Im 2. Teil erweist sich der Vf. als gelehrter, aber recht enger Thomas-Interpret: Er analysiert dessen Handlungstraktat aus der Summa (I,II q 6-17) unter seiner Leitfrage, ob Thomas offen sei für die im 1. Teil getroffenen Feststellungen, daß menschliches Handeln immer von unbewußten Regungen beeinflußt und insofern keineswegs autonom und frei sei. Und natürlich entdeckt er bei Thomas solche Offenheit: Dessen Konzept vom "sinnenhaften Streben" äußerer und innerer Sinne im Inneren des Menschen sei doch ohne Schwierigkeiten mit den referierten Behauptungen der Psychologien, daß Emotionen, Verdrängtes, unbewußte Werthaltungen usw. jedes menschliche Handeln verborgen mitbestimmen, vereinbar. Thomas, so schlägt B. eine Brücke vom 13. ins 20. Jh., würde dem zustimmen und trotzdem an der These von der Willensfreiheit des Menschen festhalten. Dies rückt, so resümiert er, "Thomas Auffassung von der menschlichen Handlung in ganz erstaunliche Nähe zur tiefenpsychologischen Grundthese (von der Mitwirkung des Unbewußten bei allen Handlungen)" (202). Der Vf. interpretiert Thomas dabei zwar gelehrt, aber rein systemimmanent. Nicht einmal Bonaventuras gegensätzliche Konzeption von Freiheit, Wille und Verstand, geschweige denn die reformatorische Gegenthese vom servum arbitrium oder Schopenhauers, Nietzsches usw. Gegenthesen führt er an. Um so skeptischer bin ich (als protestantischer Theo-loge) gegenüber einem solchen Brückenschlag von der Scholastik in die gegenwärtige Wahrnehmungspsychologie. Solche ideengeschichtlichen Konstrukte dienen vielleicht der Apologie thomistischer Moraltheologie, nicht aber der Wahrheit.

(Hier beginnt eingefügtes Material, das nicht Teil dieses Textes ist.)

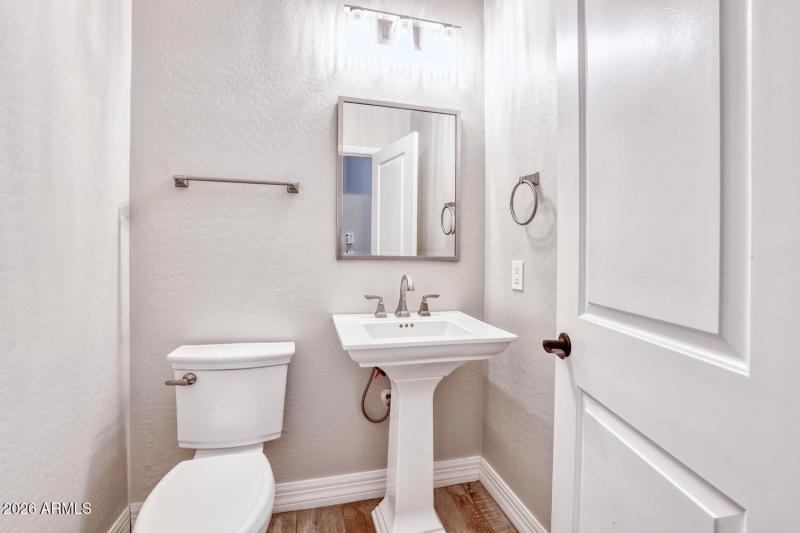 Powder Room
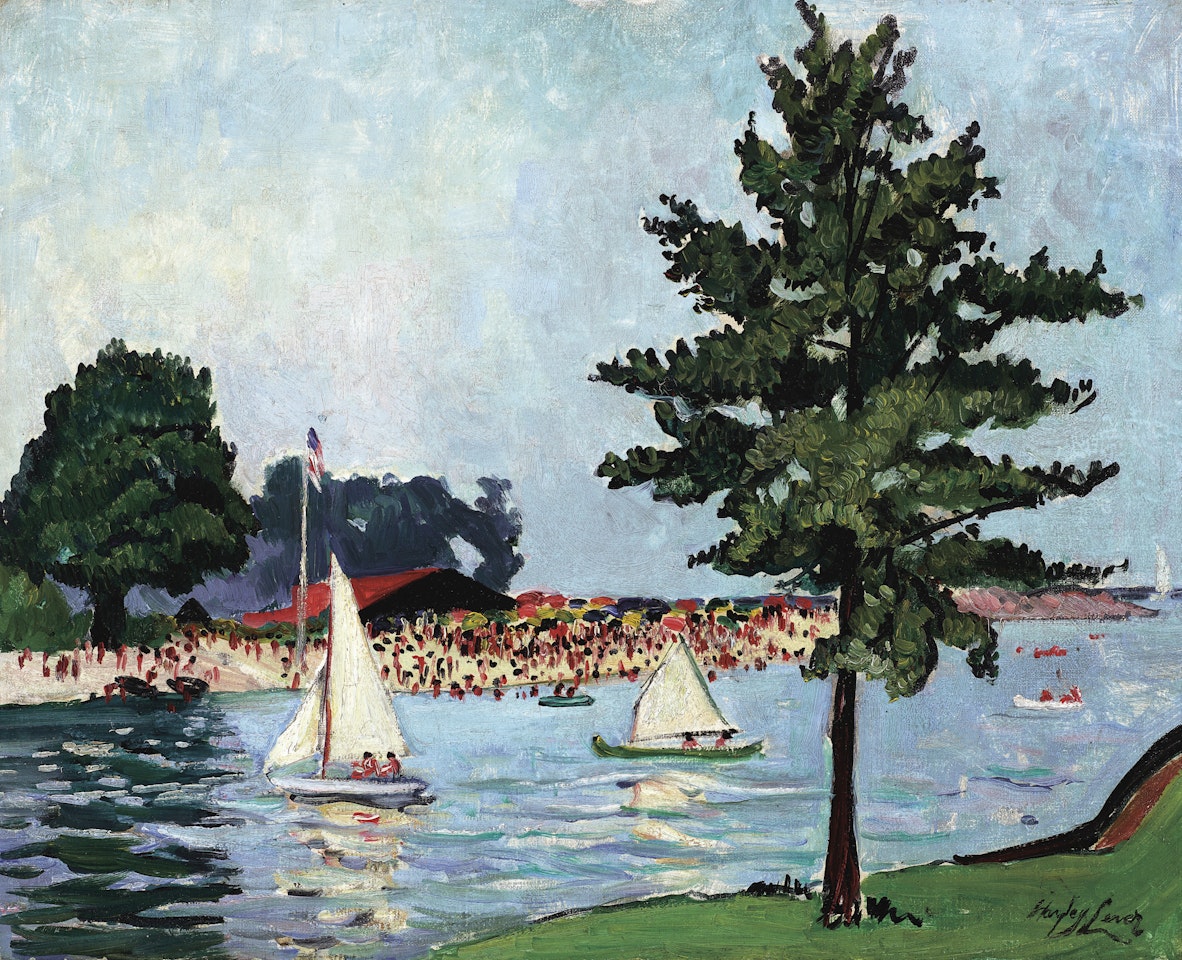 New Rochelle by Hayley Lever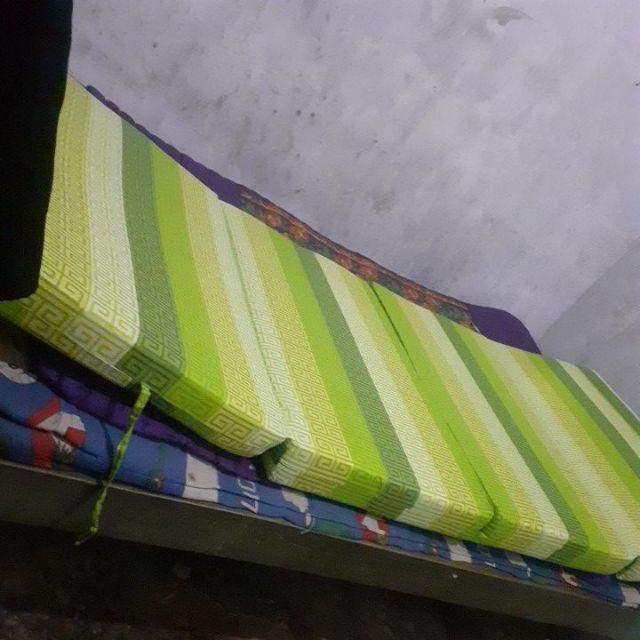 Kasur Lipat Inoac 200x90x10 Cm
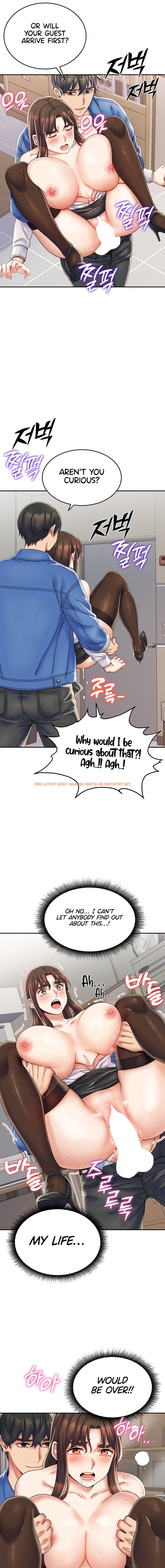 Read Hentai Image 11 77172 in comic Obsessive Romance - Chapter 3 - hentaitnt.net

B. entdeckt in Thomas’ Handlungstheorie "konfligierende sinnenhafte Strebungen, Einschätzungen und Dispositionen", wie z. B. den Konflikt zwischen Gefühl und Vernunft, Wollen und Können, welche das Handeln eines Menschen "unbewußt" lenken würden (236). Und so sei Thomas für die psychoanalytische Grundthese offen. Aber, so fragt sich der geneigte Leser, sind "sinnhafte Strebungen" bei Thomas wirklich vergleichbar mit dem "Unbewußten" bei Freud?

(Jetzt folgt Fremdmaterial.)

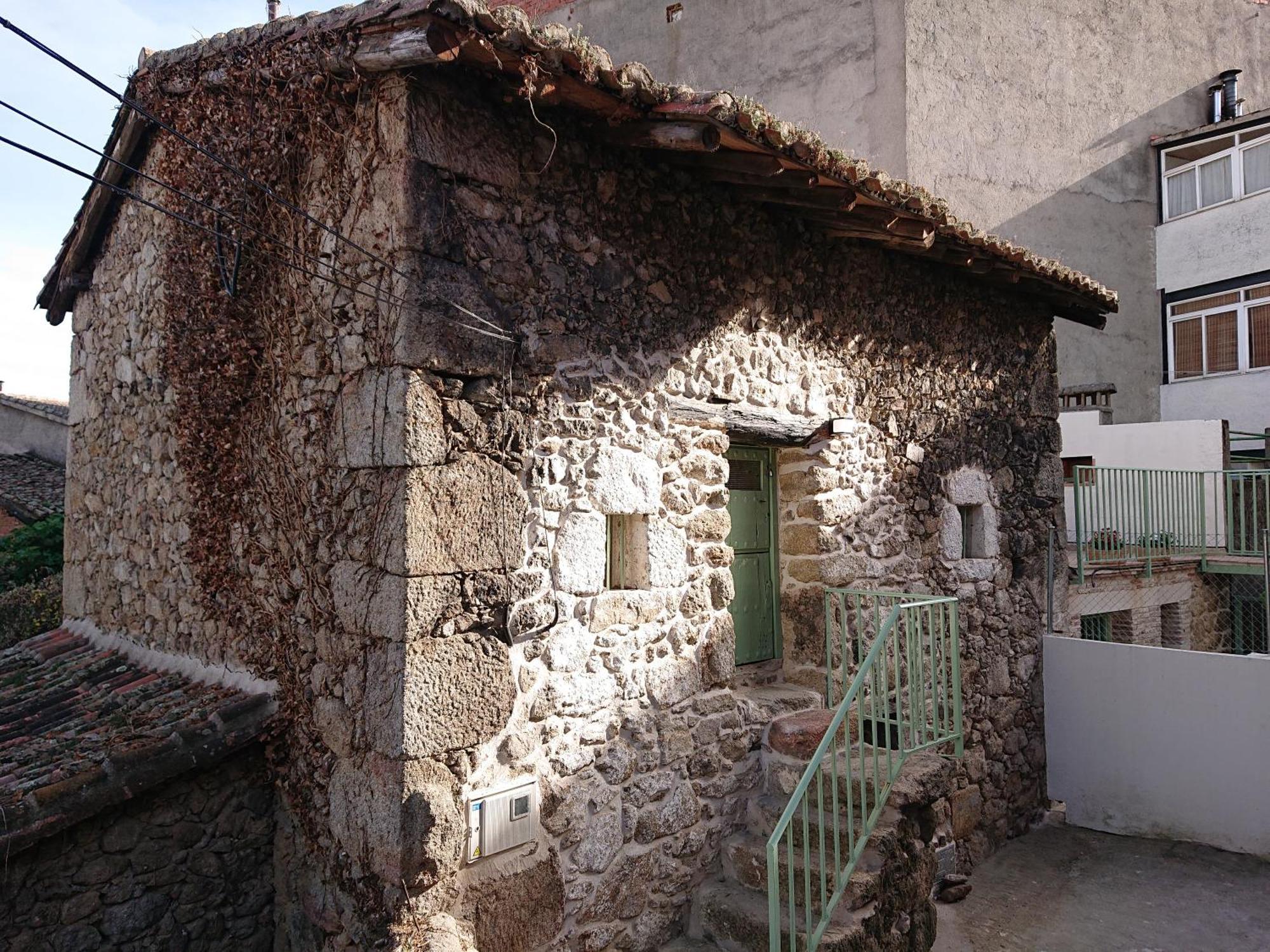 Casa Pozo Tarama Villa Casavieja Exterior foto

Der Versuch des 3. Teiles, eine moraltheologische Handlungstheorie zu entwerfen, welche einerseits einen freien, autonomen Willen und andererseits zugleich terminierende, negative, unbewußt ins Handeln einfließende sinnliche Strebungen feststellt, ist zu begrüßen. Aber warum muß dazu Thomas von Aquin bemüht werden? Würde sich dafür nicht eher die franziskanische Linie oder ein Ethik-Klassiker der Gegenwart eignen?

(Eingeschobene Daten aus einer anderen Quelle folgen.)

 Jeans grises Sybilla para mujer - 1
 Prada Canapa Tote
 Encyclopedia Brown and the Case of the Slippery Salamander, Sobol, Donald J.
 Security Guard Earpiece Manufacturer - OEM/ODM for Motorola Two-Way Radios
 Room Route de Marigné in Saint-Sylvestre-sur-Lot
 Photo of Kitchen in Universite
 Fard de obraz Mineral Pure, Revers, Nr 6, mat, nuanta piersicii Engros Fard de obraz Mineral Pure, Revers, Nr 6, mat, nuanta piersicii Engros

Allerdings muß der vom Vf. eingeschlagene Weg als großartige persönliche Leistung anerkannt werden. B. interpretiert Thomas in faszinierender Weise mit scholastischem und wahrnehmungspsychologischem Instrumentarium und entwirft eine interessante in sich stimmige moraltheologische Handlungstheorie, welche das "Unbewußte in der Freiheit" berücksichtigt. Seine schöpfungstheologische, christlich-anthropologische und christologische Begründung sittlichen Handelns überzeugt. Er überwindet die bisherige naturrechtliche normenethische Interpretation der thomanischen Ethik und bleibt trotzdem Thomist. Er nimmt Emotionen und unbewußte Triebe in seine Moraltheologie auf und bleibt trotzdem Scholastiker. Aber freilich um den Preis, daß alle Gefühle, ,sinnhafte Strebungen’ und das ,Unbewußte in der Freiheit’ rein negative Einflüsse auf den handelnden Menschen haben. Aus solcher negativen Bewertung von Gefühlen kommt er nicht heraus.

Das Buch leistet einen interessanten Beitrag zum interdisziplinären Gespräch zwischen Theologie und Psychologie im allgemeinen und zwischen thomanischer Ethik und Tiefenpsychologie im besonderen. Es bleibt aber dem scholastischen Denken verhaftet. Es wäre wünschenswert gewesen, hätte der V. auf viele Wiederholungen verzichtet und anstelle dessen Alltagskonkretionen eingebracht.